Analysts have branded the move a clear attempt to segway into Asia's booming luxury goods market - and suggest it could be the start of an entirely new market.

2. ECB to open long-awaited QE floodgates

Also on Monday, the European Central Bank is due to launch its one-trillion-euro stimulus plan, an effort to jump-start the struggling euro zone economy by buying around 60 billion euros of public and private bonds each month - a policy it will apply until at least September 2016.

The move comes against a rosier backdrop for the euro zone, after the ECB raised growth forecasts last Thursday.

Industrial production figures for eurozone, due on Thursday, are expected to support this encouraging picture, rising slightly after a year-on-year fall in December, and echoing a strong start to the year for German output.

3. More data likely to support timing of US rate hike

While the ECB unleases its mega stimulus, over the Pacific the US central bank is poised to do the opposite. The Federal Reserve could raise interest rates for the first time since 2006 sooner rather than later, after last Friday's stronger-than-expected jobs report boosted expectations of a hike as soon as June.

A rebound in retail sales after two straight months of declines could show consumers are benefiting from sharply lower oil prices, but analysts say spending in February was likely curbed by unusually harsh weather in parts of the United States. That data is out Thursday.

While a stronger US economy is better for the US stock market in the long run, investors have worried that if the Fed raises rates too soon, it could dampen growth in an economy that has been slow to recover.

Besides US retail sales, Friday brings the preliminary March reading on consumer sentiment from the University of Michigan. Sentiment unexpectedly fell in February from an 11-year high, adding to recent worries about spending.

4. China's "new normal"

China should provide further hints of the challenges it faces after the world's No. 2 economy depicted its "new normal" last week - a growth target of 7 per cent for this year, the lowest for a quarter of a century.

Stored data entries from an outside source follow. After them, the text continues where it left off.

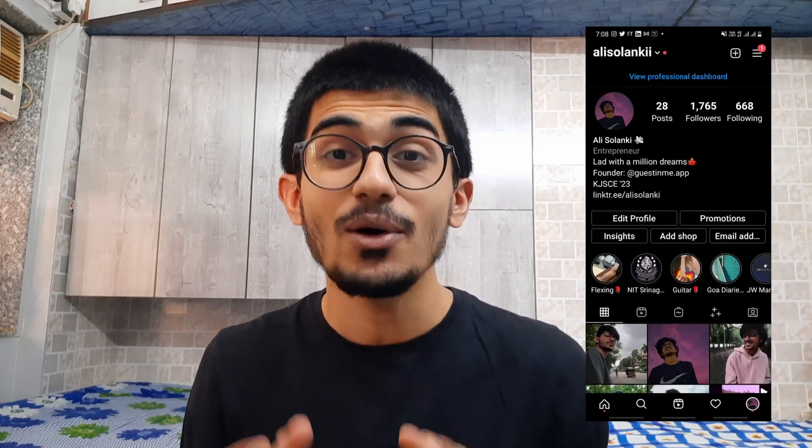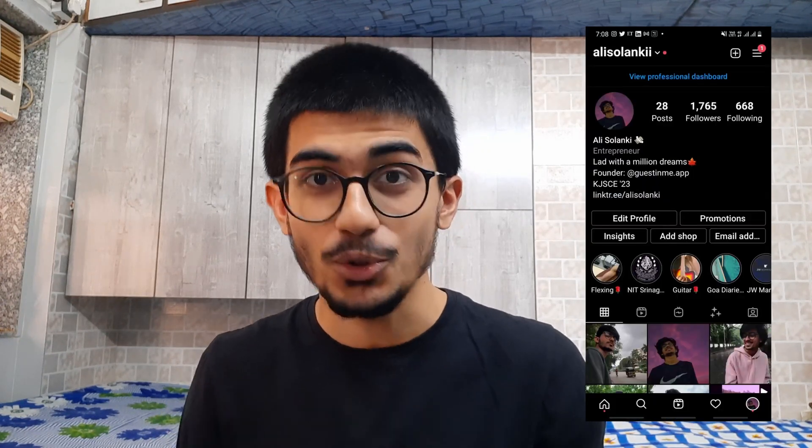Hello guys, this is your boy Eli Salanki and today we'll be talking about how I learned to code.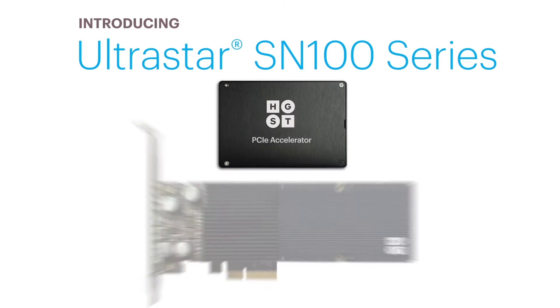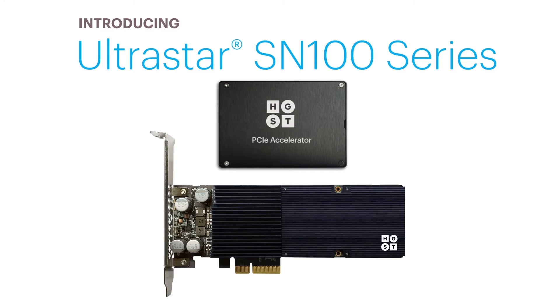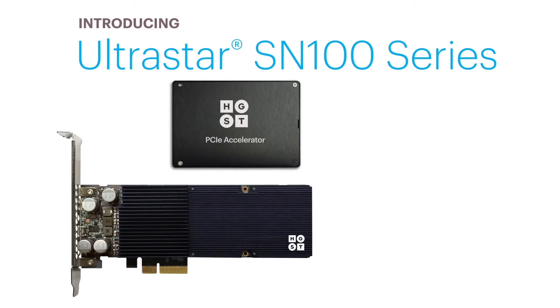Introducing HGST's UltraStar SN100 Series NVMe Compatible PCIe SSDs.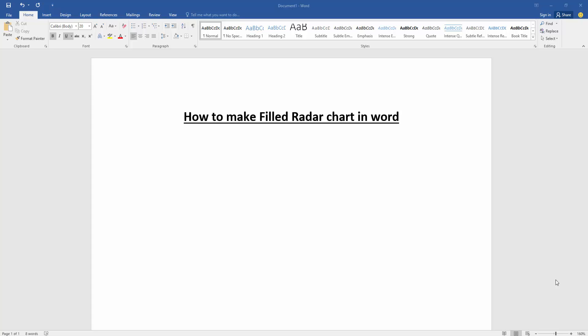Assalamualaikum! Hello friends, how are you? Welcome back to another video. In this video, I am going to show you how to make a filled radar chart in Microsoft Word. Let's get started.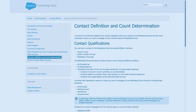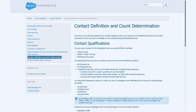Just remember that, as explained in the documentation, a population is regarded as a contact database. This means that any records in the data extension that are used as a population will qualify towards your contact count determination.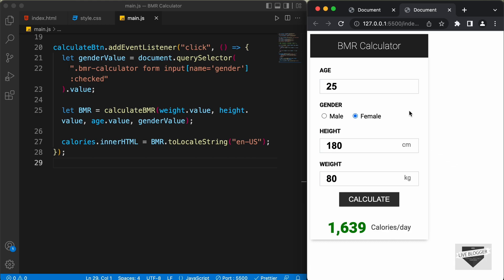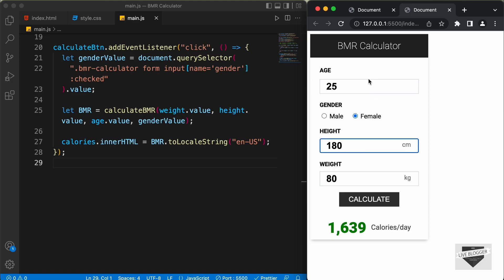That's basically how you can add functionality to this BMR calculator using JavaScript. In the next video, we will add input validation for these input fields so that if any invalid characters are entered, it should show an invalid input message and not calculate the BMR. So that's it for this video. If you have any doubts, ask in the comments below. If you like this video, please click the like button and subscribe for the latest updates. Thanks a lot for watching. Have a nice day.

Chinese retail sales growth is expected by some analysts to have slowed slightly in February, with industrial production and investment growth data due out next Wednesday seen weaker too.

As Chinese leaders try to mould a more balanced long-term growth model, keeping the breakneck economic expansion of recent decades in check, all eyes will also be on the reforms they are expected to outline further in the coming days.

5. Greece ups the ante

Greece's funding options will take centre-stage at a Monday meeting of euro zone finance ministers, who will discuss the economic reforms Athens hopes will help it unlock some financial aid from international lenders.

The Greek government sent an updated list of reforms to Brussels last Friday and said it wanted to start talks with lenders immediately on concluding its bailout and a possible follow-up deal. It also repaid part of an International Monetary Fund loan that falls due this month.

Greek Finance Minister Yanis Varoufakis upped the stakes sharply ahead of Monday's crucial meeting in Brussels. He said in an interview on Sunday that Athens could call a referendum on the euro or early elections should its eurozone partners reject its plan to restructure debt and make public investments to boost growth.

The last time Greece threatened a referendum on its bailout in November 2011, it sent global markets into panic, infuriated its European partners and led to the fall of then prime minister George Papandreou.